Primary LanguagePython

scrapi

Build Status

Getting started

  • You will need to:
    • Install requirements.
    • Install Elasticsearch
    • Install consumers
    • Install rabbitmq

Requirements

  • Create and enter virtual environment for scrapi, and go to the top level project directory.
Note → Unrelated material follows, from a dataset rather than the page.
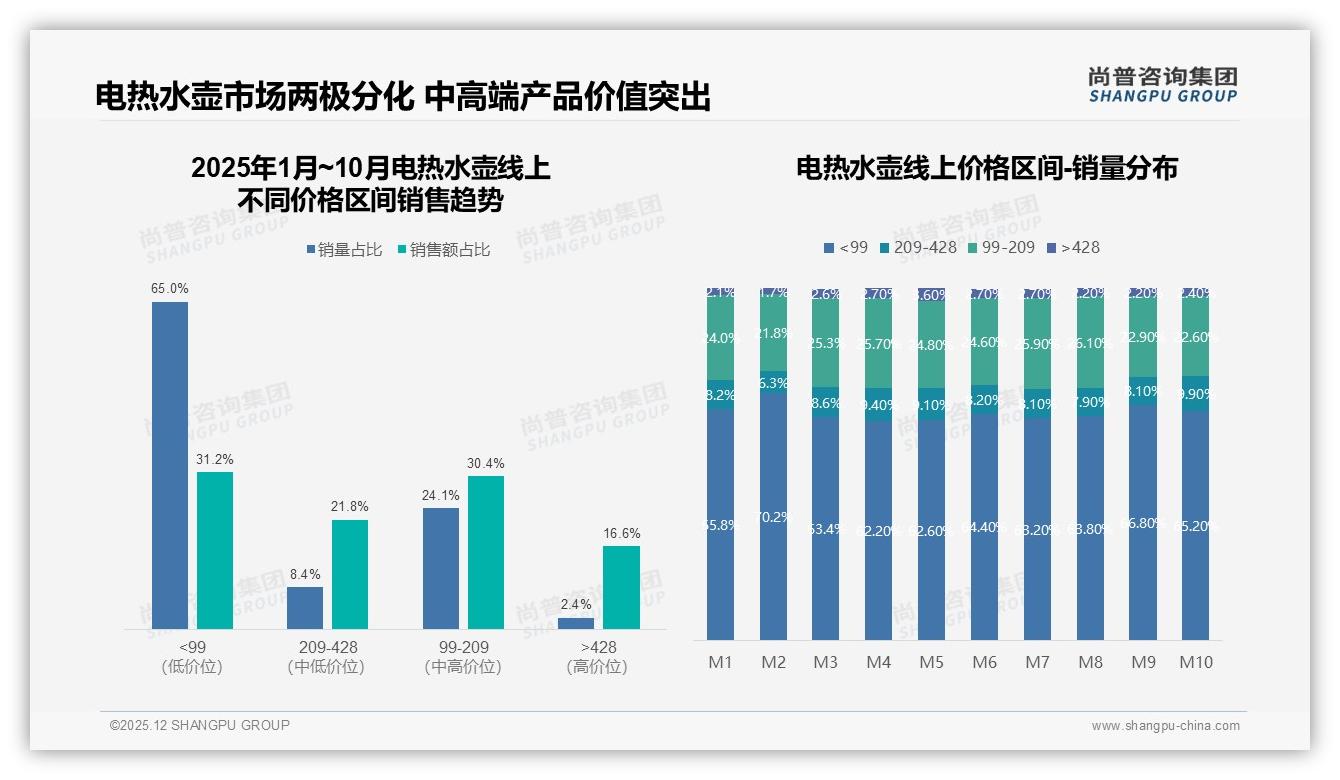 京东淘宝占69%线上渠道，真实用户分享42%信任度最高——尚普咨询集团数据洞察：电热水壶社交口碑-2025年12月-电热水壶-38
From there, run
$ pip install -r requirements.txt

and the python requirements for the project will download and install.

Installing Elasticsearch

note: JDK 7 must be installed for elasticsearch to run

Mac OSX

$ brew install elasticsearch

Now, just run

$ elasticsearch

or

$ invoke elasticsearch

and you should be good to go.

Ubuntu

$ wget https://download.elasticsearch.org/elasticsearch/elasticsearch/elasticsearch-1.2.1.deb 
$ sudo dpkg -i elasticsearch-1.2.1.deb

Now, just run

$ sudo service elasticsearch start

or

$ invoke elasticsearch

and you should be good to go.

Running the server

  • Just run
$ python main.py

from the scrapi/website/ directory, and the server should be up and running!

Consumers

  • Just run
$ invoke install_consumers

and the consumers specified in the manifest files of the worker_manager, and their requirements, will be installed.

Rabbitmq

Mac OSX

$ brew install rabbitmq

Ubuntu

$ sudo apt-get install rabbitmq-server

Running the scheduler

  • from the top-level project directory run:
$ invoke celery_beat

to start the scheduler, and

$ invoke celery_worker

to start the worker.

Testing

  • To run the tests for the project, just type
$ invoke test

and all of the tests in the 'tests/' directory will be run.